I (along with seven other raucous third-graders) bounded down the red-brick alleys of Old Town all the way back in 2018, racing into the IPIC theater for the limited run of The Nutcracker and the Four Realms. It was my best friend’s ninth birthday party, one of my fondest memories. Rushing through the door and down the escalator, we arrived just to gape at the cavernous lounge tucked underneath Pasadena: bowls of colorful lollipops greeted our eyes amongst the background of clacking pool balls and a bustling bar, with soft, ambient lighting setting the scene for the kind of magic that could only come from the cinema.
The bright colors and sheer scale of the big screen created an immersive atmosphere that I was barely old enough to appreciate. Looking back, the thing I loved most was the ability to share the experience with a community—because no matter whether I was chuckling, crying, clapping, or cowering, everyone else was doing it too.
On the car ride home, I remember telling my mom that I never wanted to see a movie at home again.
I came back to IPIC over and over—for Marty Supreme, Twisters, The Fall Guy, and even The Eras Tour (in which I brought along the same friend who had once introduced me to the fun). Each new film, each order of fries, each ride on the escalator taught me that going to the movies—any movie, really—was an experience that couldn’t ever be replicated at home. It taught me that movies were magic, so long as the magic came along with a reclining chair.
But on February 25, 2026, the IPIC movie theater chain filed for bankruptcy, with its location in Pasadena set to permanently close its doors. Unfortunately, IPIC’s story is just one of many.
Movie theaters as a whole have been steadily declining in visitorship since the COVID-19 pandemic—one Harvard Gazette study found that the percentage of moviegoers who frequently visit theaters declined from 39 percent in 2019 to just 17 percent in 2025. Three-quarters of Americans surveyed admitted that they had recently opted to stay home and stream a movie rather than visit a theater. A PEW Research study found that ticket sales for movie theaters in the United States and Canada are less than half of what they were twenty years ago.
The answer to these declining statistics lies in streaming services, which have erupted in popularity since the pandemic.
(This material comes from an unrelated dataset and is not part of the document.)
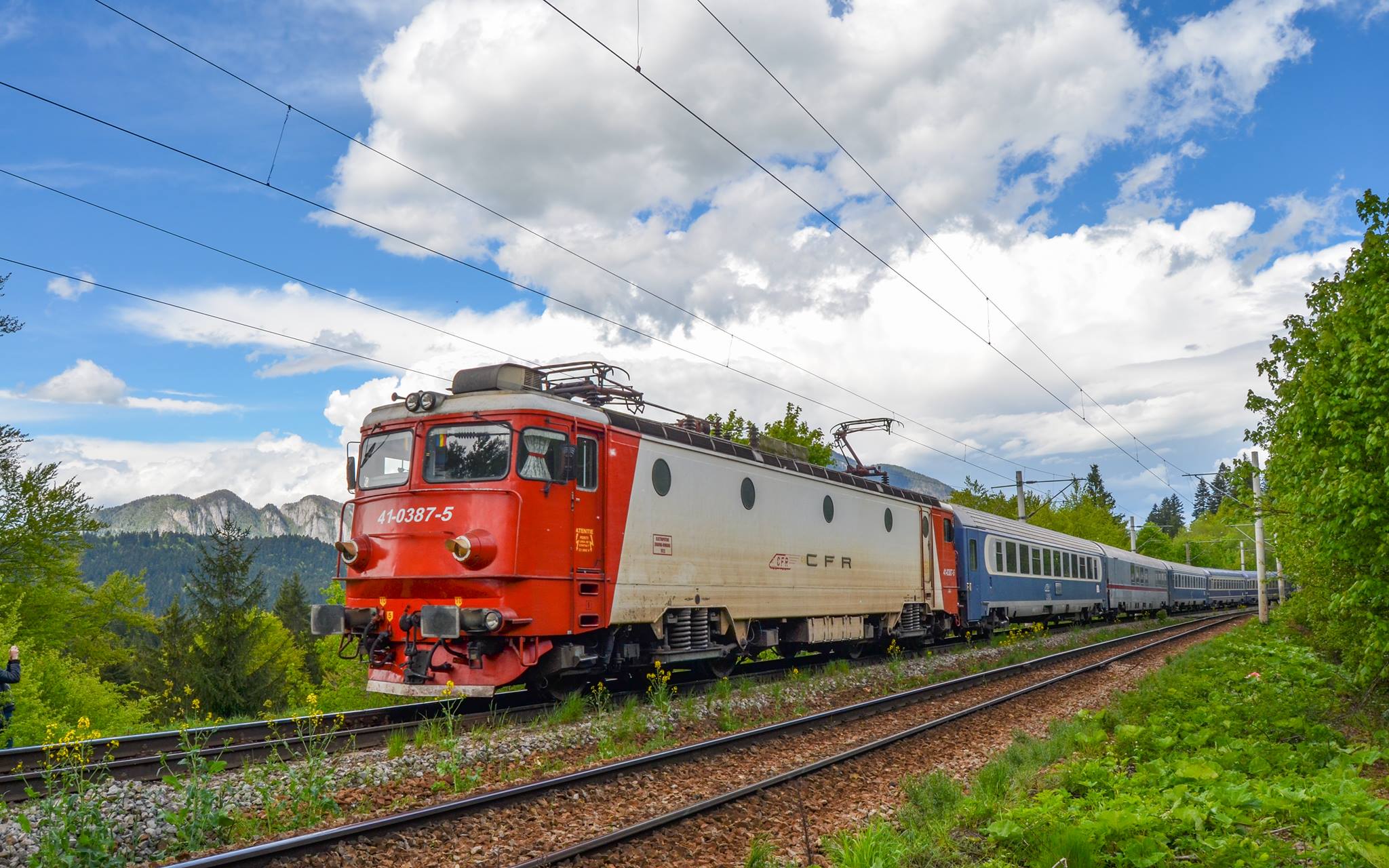 Din cauza caniculei, CFR anunță că reduce viteza trenurilor. Care sunt rețelele afectate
Additionally, with movie theatrical releases decreasing from a standard 90-day blockbuster run in theaters to only 30 days, waiting for a movie to arrive on your TV might just be easier. Why would you make the trek all the way to your local theater and pay the ticket prices (which themselves are growing more exorbitant) when you could just pop some popcorn in the microwave and settle onto your couch?
I’ll tell you why. This past April, my family and I went to see Project Hail Mary in March for IPIC’s swan song, and, strangely enough, it was this final movie in my favorite theater that actually gave me hope.
If you haven’t seen Project Hail Mary, in simplest terms, it’s a science fiction drama in which a millennial-coded Ryan Gosling befriends an alien rock and saves the known universe. I laughed, I cringed, I cried, and I rated it five thumbs down on Letterboxd. (If you know, you know.)
The movie’s been a smashing success globally, pulling in over 600 million dollars, but what really made it special was the theater. Watching scenes such as the already-iconic “fishing sequence” on a dazzling screen was an experience that truly could never be replicated at home, because all of us—my parents, my little brother, and the strangers around me—were completely and collectively immersed.
I was reminded of that day seven years ago, when my friend showed me what movies could really be. Suddenly, I felt foolish for spending afternoons splayed out in front of a computer open to Apple TV, constantly adjusting the brightness in a battle with the distraction of my own reflection. That wasn’t how to watch a movie. It was always meant to be with a theater full of people and a silver screen three times my height.
As Nicole Kidman once put it, “We come to this place… for magic. Because we need that, all of us, that indescribable feeling we get when the lights begin to dim. Our heroes feel like thе best part of us, and stories feel perfect and powerful. Because here, they are.”
No matter what I’m seeing, no matter what I’m going through, and no matter who I’m with, I’ll always hold that decade-old sense of awe in my heart every time I’m told to sit back, relax, and enjoy the show. I’ll always be dazzled by the exuberant colors and stunned by the immersive sound. I’ll always feel that satisfaction when I’m inside a cavernous theater, full of people reveling in the same shared paradise.
So my advice to you? Go to the movies!
Don’t wait until things hit Netflix; call your friends, make the trek to Regal or your favorite indie theater. Buy some popcorn, fill up an ICEE cup, or just settle into your seat; watch the trailers, silence your phone, and wait for the lights to dim.
And what better time than this summer? Summer blockbusters are perhaps the most exciting time of year on the cinematic calendar—just in the last few years, we’ve gotten the iconic Barbenheimer, Across the Spider-Verse, and my personal favorite, Top Gun: Maverick. But there’s still so much more to come with movies such as Backrooms, Disclosure Day, and The Odyssey set to release this summer.
Personally, I’ll be looking for you at the anniversary screening of Top Gun and wearing my most fashionable outfit at The Devil Wears Prada 2, because, like Nicole, I’ll never get tired of the magic.